Nos Estados Unidos, em maio, o Departamento de Educação divulgou uma relação de 55 universidades e faculdades norte-americanas investigadas por suspeita de não cumprirem a lei ao lidar com denúncias de violência, abuso sexual ou assédio sexual. A lista inclui universidades mundialmente famosas, como a Faculdade de Direito de Harvard e Harvard College, assim como as universidades de Berkeley, Princeton, entre outras.

Há alguns meses, uma estudante da universidade de Columbia desfilou pela faculdade com o colchão onde sofreu violência sexual dentro da instituição para chamar a atenção para o caso, depois que a direção da universidade considerou inocente o acusado, um colega de quarto da estudante.

Muitos consideram uma “epidemia” o número de agressões sexuais nos campi. Nos EUA, segundo dados das próprias universidades, uma em cada cinco estudantes já foi atacada, mas só 12% denunciaram. Na Califórnia, existe uma lei inédita que obriga todas as faculdades a terem uma política contra agressões sexuais - e as universidades que se negam podem deixar de ganhar repasses de verbas do governo. Algumas já adotaram medidas para orientar os estudantes de que os espectadores têm o poder e o dever de intervir em situações que podem vitimar as mulheres.

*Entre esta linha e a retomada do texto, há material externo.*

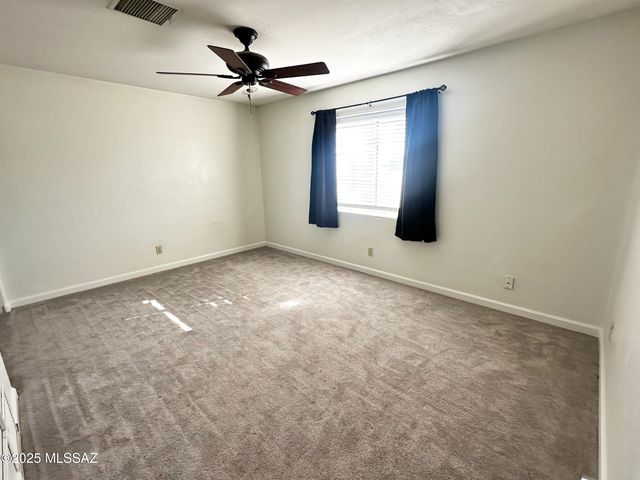 1402 Bobcat Lane, Willcox, AZ 85643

Nota-se, portanto, que este não é um problema exclusivo do nosso país, mas o reflexo da cultura machista que prevalece na sociedade contemporânea. Nós, mulheres, conquistamos o direito de trabalhar fora de casa, mas ainda recebemos salários inferiores ao dos homens. Chegamos à chefia de grandes empresas e postos políticos importantes, inclusive na presidência da República, mas ainda sofremos com estereótipos que ridicularizam nossa presença nos espaços de poder. Tornamo-nos maioria na universidade, mas ainda carecemos de políticas de permanência, saúde e segurança que se voltem especificamente para as mulheres.

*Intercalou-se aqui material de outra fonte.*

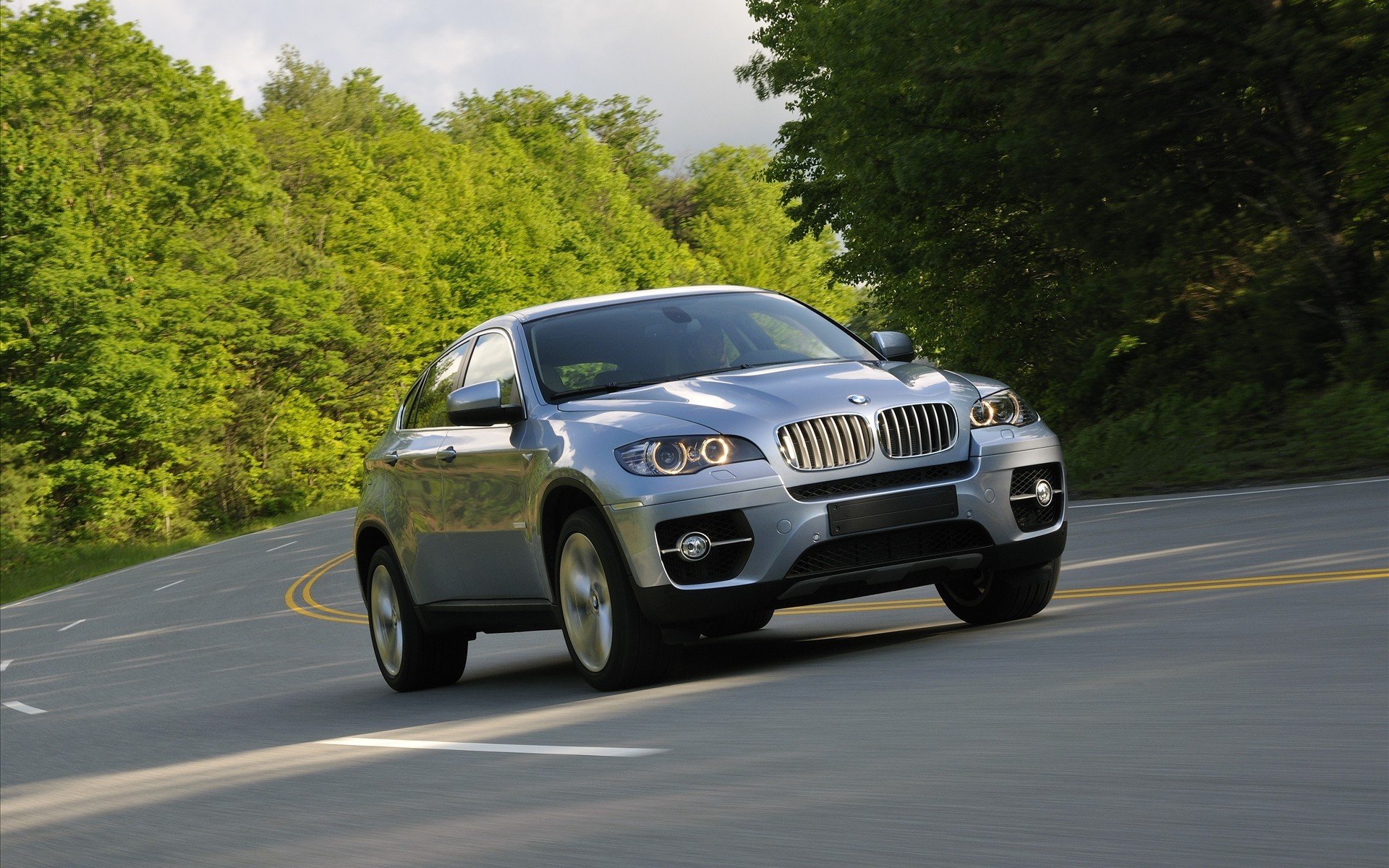 bmw x6 bmw x6 jeep przód droga drzewa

Todos devem ter consciência de que zelar pela integridade das estudantes deve ser papel da instituição, dos homens e das mulheres dentro das universidades. Combater o machismo com atitudes diárias, seja no dia-a-dia das aulas ou em festas e ambientes de descontração, é o caminho para que as mulheres não se sintam ameaçadas. Por isso é necessário que se ampliem em âmbito nacional as delegacias de proteção à mulher e as punições aos agressores. No contexto das universidades, precisamos criar órgãos específicos que sejam responsáveis pela apuração de todos os casos e pelo amparo psicológico às estudantes vitimadas.

A segurança dentro dos campi é assunto frequente na reivindicação do movimento estudantil. É preciso uma solução séria e eficiente para o tema: nem a truculência da Polícia Militar, nem a inanição da guarda patrimonial. Queremos acender o debate sobre o retorno da guarda universitária aos quadros da universidade, para que haja um corpo de segurança especialmente treinado para este ambiente e que possa assegurar a defesa social da comunidade acadêmica.

Precisamos também melhorar a infraestrutura do campus: ocupar com inteligência e segurança os espaços e reforçar o sistema de iluminação para os estudantes que estudam à noite. Avançar nas políticas de assistência estudantil para melhorar as condições de vida e aprendizado de todos os estudantes também é fundamental, com creches e assistência médica e psicológica inserida nos planejamentos das instituições.

O movimento estudantil se mantém na linha de frente do combate a qualquer tipo de opressão contra as mulheres: somente na luta cotidiana contra o machismo poderemos mudar essa realidade de medo e violência e construir uma sociedade igualitária e fraterna, onde todos e todas possam viver plenamente a sua diversidade.